Basics of web design
The basics of web design revolve around a simple fact: each web page is an independent entity that the user can access to acquire specific information. Each web page, therefore, needs to stand on its own both in terms of design and content.
A website is not like a complete book, it is more like a library which a person visits looking for a particular book. As a web designer you first need to design the navigation in a way that lets the user find the page in question quickly and without too much effort. Having done that you need to make the pages attractive for the user to obtain information quickly, concisely and in a pleasant manner.
This is where the importance of GUI (Graphic User Interface) comes in. GUI is what creates the experience for a reader; it uses its own dictionary of buttons, links and messages to interact with the reader in a way no printed page can. A reader clicks, navigates, has pop ups and blurbs to help him assimilate and enjoy the information that he or she has come looking for.

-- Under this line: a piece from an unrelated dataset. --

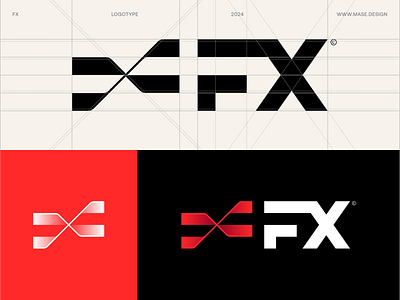 FX Logotype brand identity branding digital f gradient grid icon letter logo logotype mase maserekt monogram symbol x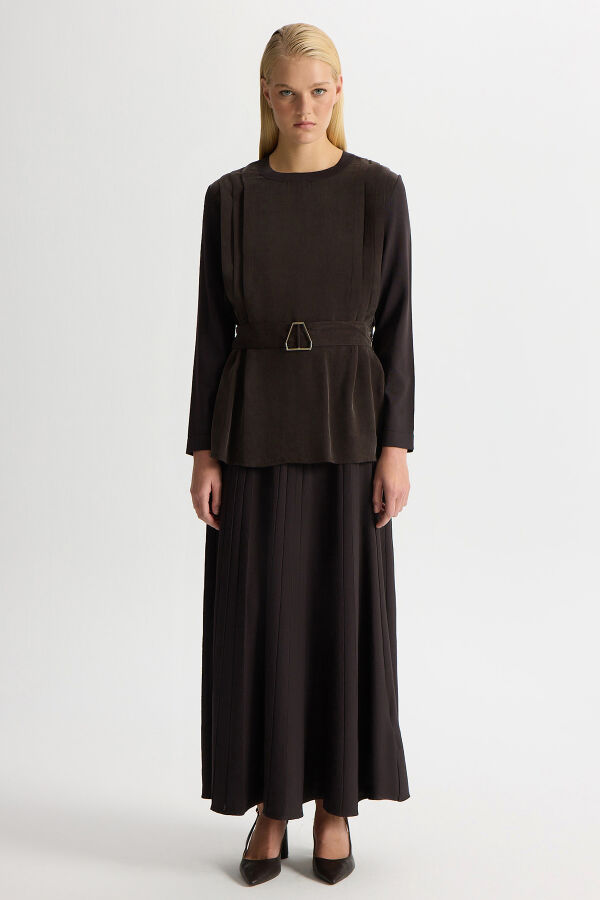 Korsajlı Plise Etek Kahverengi - 1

Having said that, the content and structure of the web page is no less important. Every web design must answer the following five questions:
1. What: What is the page about? This is the most important part of web designing because what the page is about forms its title or its bookmark. Think of it as the title of the book on its spine. The reader glances at it and then decides if the book needs to be pulled out.
2. Who: This is the next most important thing to remember. Who is dispensing the information on the page? Is it an individual? Is it an institution? Is it a reliable source? With information overload, a reader often needs to be assured of the authenticity of what is on the page. The only way you can build this trust is by providing accurate and authentic information.
3. When: Today's headline becomes old news tomorrow. Keep this is mind about the information on your web page. Tell the reader about when was the last time the page was updated. This will help the person assess whether the information is current enough to be valid.
4. Where: While the web has no geography it is important to remember that both the geographical as well as the navigational origin of the document is of interest to the reader. As for URL origins (web address), incorporating the home URL on the main pages of your site will improve the chances of the reader remembering where the page originated.